> Records
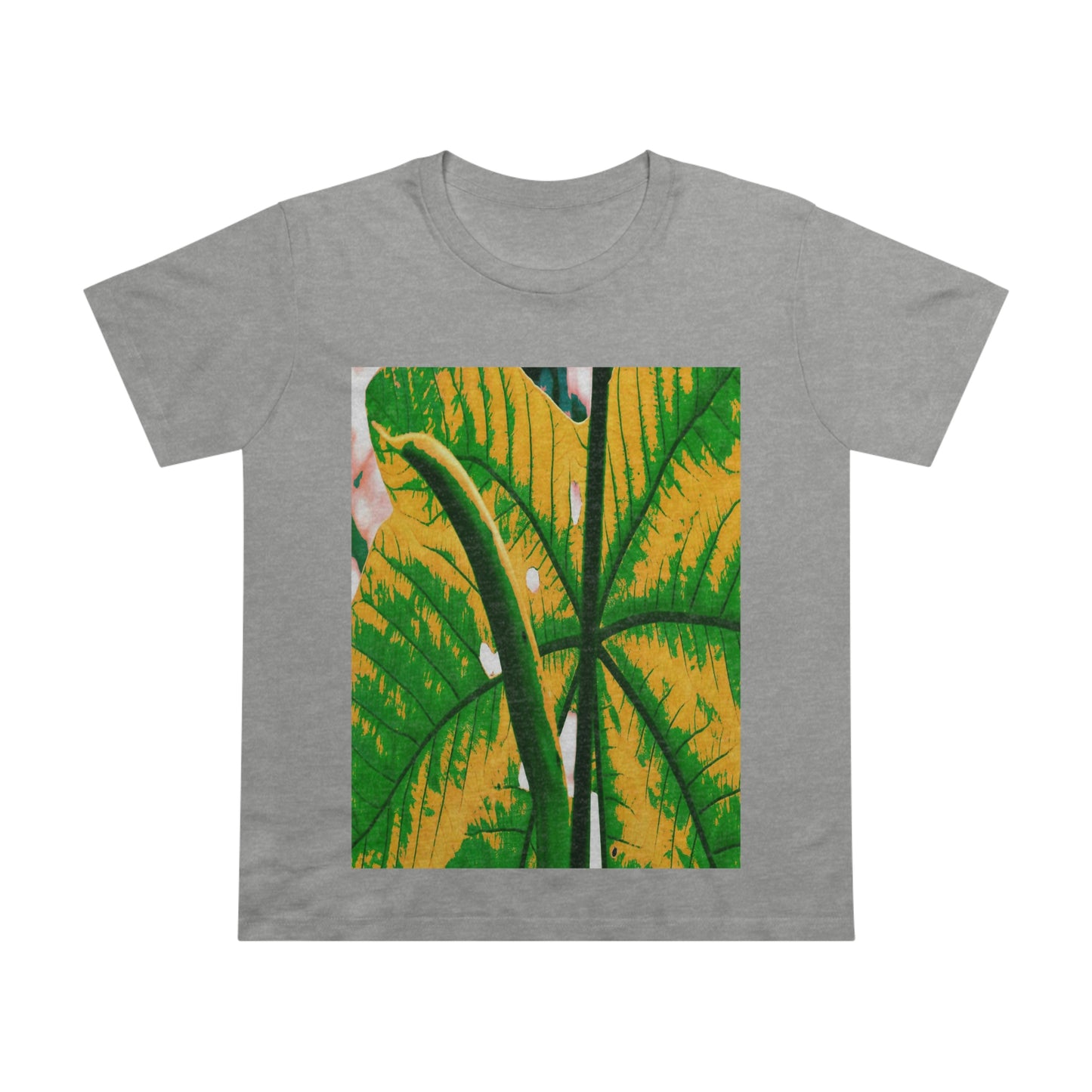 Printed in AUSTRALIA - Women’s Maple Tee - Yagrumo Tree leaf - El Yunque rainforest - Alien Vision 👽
==
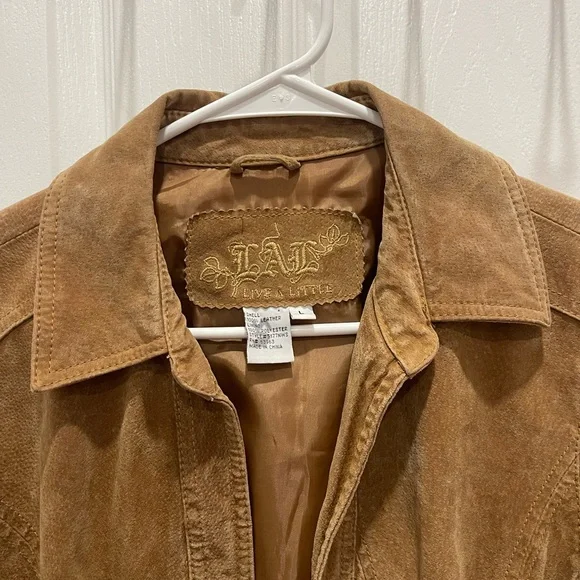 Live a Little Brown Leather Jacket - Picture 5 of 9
...
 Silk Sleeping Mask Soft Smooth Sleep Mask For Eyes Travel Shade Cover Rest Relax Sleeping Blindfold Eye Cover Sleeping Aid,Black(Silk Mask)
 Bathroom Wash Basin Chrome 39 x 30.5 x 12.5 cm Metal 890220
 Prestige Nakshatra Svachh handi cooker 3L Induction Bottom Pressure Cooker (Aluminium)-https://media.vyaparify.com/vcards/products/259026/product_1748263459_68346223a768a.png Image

> What you have to do
In the entries above, find the line holding "Silk Sleeping Mask" and the line holding "Prestige Nakshatra Svachh"; print both of them and every line between, exactly, and nothing else.

> Problem solution
 Silk Sleeping Mask Soft Smooth Sleep Mask For Eyes Travel Shade Cover Rest Relax Sleeping Blindfold Eye Cover Sleeping Aid,Black(Silk Mask)
 Bathroom Wash Basin Chrome 39 x 30.5 x 12.5 cm Metal 890220
 Prestige Nakshatra Svachh handi cooker 3L Induction Bottom Pressure Cooker (Aluminium)-https://media.vyaparify.com/vcards/products/259026/product_1748263459_68346223a768a.png Image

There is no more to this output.